[postgis-users] Spatially ordering data

Jonathan Moules jonathan-lists at lightpear.com
Mon Mar 6 06:33:04 PST 2017


Hi List,
    Thanks for all the suggestions. I think I've solved this using a combination of methods from the responses and wanted to share for anyone in the future.
    
Things I tried that didn't work for me (beyond what was in the previous post):
* Convert to a point, then extract the Lat/Lon and integer ORDERing by that (as per Robert's suggestion) - this didn't work well because it tends to produce long strips which isn't suitable for my purposes.

* Mark's linked Quadtree generation SQL. But I couldn't get it to work.

What did work:
I took the Content Based Grid from previously (which seems to basically be a form of Quadtree anyway) that I had created with Lar's tool, and then grabbed the bounds of it.

For each grid, I could then run this SQL:

select 
    polygon_id,
    geom 
from (
    select 
        polygon_id,
        geom,
        floor(st_x(p_geom)) as x_index, 
        floor(st_y(p_geom)) as y_index 
    from (
        select 
            polygon_id,
            geom, 
            ST_PointN(ST_Exteriorring(geom), 1) as p_geom 
        from 
            mdms.polygon_active
    ) a
) b
where 
    x_index >= @Value(_xmin) and x_index < @Value(_xmax)
    AND
    Y_index >= @Value(_ymin) and y_index < @Value(_ymax)


This was run from FME, hence the "@Value()" bits in the WHERE clause, which substitute the Grid bounds values when sent to SQL. I'm sure the entire thing could be a single SQL query, but that I leave as an exercise for the reader.

For those who, like me, don't have SQL as their first or second language:
1) The innermost select converts the polygons to points (i.e. "ST_PointN(ST_Exteriorring(geom), 1)"). I'm using this method because it's considerably faster than ST_Centroid, and I don't care where the point is in relation to the geometry.

2) The mid-select get's the point coordinates (i.e. "floor(st_x(p_geom)) as x_index")

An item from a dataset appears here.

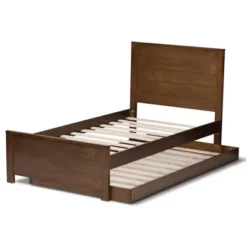 Twin Catalina Modern Classic Mission Style Finished Wood Platform Bed With Trundle - Baxton Studio -Baxton Studio GUEST 99e34561 4858 481d b81d bfba7bca5199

3) The outer clause uses the WHERE query to limit the points to only include ones that are greater than or EQUAL to the min bounds and less than the max bounds. This solves the problem of what happens if a point is on a shared boundary - it will be assigned to the grid whose minimum it sits on.

This processes reads and assigns a sample set of 1.3 million points in about 4 minutes.

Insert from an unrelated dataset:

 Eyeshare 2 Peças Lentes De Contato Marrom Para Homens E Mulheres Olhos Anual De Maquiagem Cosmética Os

The result of this is lots of polygons that are all spatially clustered together, in groups of no more than 500,000 polygons (that's the value I used to create the Grid).

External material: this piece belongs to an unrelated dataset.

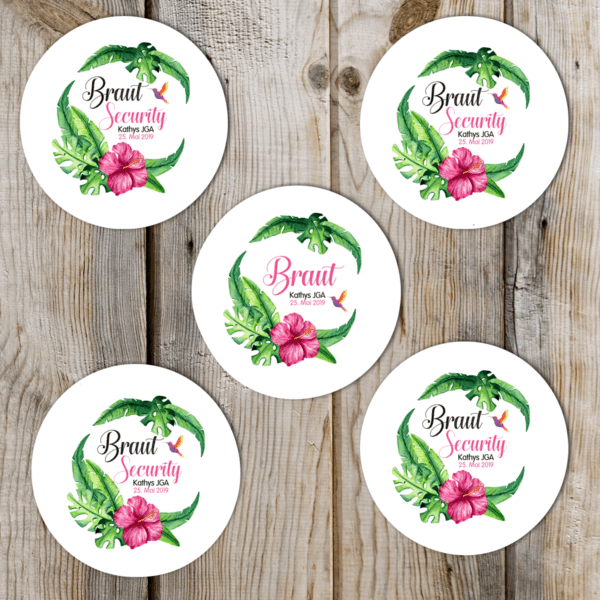 Buttons für den Junggesellenabschied in rosa/grün Hawaii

The only problem I'm aware of is the fact that any points that sit on the very maximum boundary of the entire grid may not be read as they will be equal to the maximum. I haven't come up with a good solution to that one other than to re-read it all.

Hope that helps someone. I think spatial sorting would be a great feature for PostGIS to incorporate by way of a formal function.

Cheers,
Jonathan


---- On Thu, 02 Mar 2017 18:38:28 +0000  Burgholzer<Robert.Burgholzer at deq.virginia.gov> wrote ---- 

How about: 
1. Take a centroid of each shape, 
2. Rounding it’s x and y coordinates to whole lat/lon values 
3. Ordering by lat_round, lon_round and these values would proceed in a gridded fashion. 
 
Ex: select oid, floor(st_x(the_geom)) as x_index, floor(st_y(the_geom)) as y_index from precip_noaa_daily_grid order by x_index, y_index; 
 oid | x_index | y_index 
-------+---------+--------- 
 2143 | -84 | 36 
 2142 | -84 | 36 
 2141 | -84 | 36 
 2620 | -84 | 36 
 2619 | -84 | 36 
 2618 | -84 | 36 
 
 
The only drawback is that if there were data that were added during processing, they may be skipped by your processor, however, if you were to set a flag to indicate that something was processed, you’d be covered.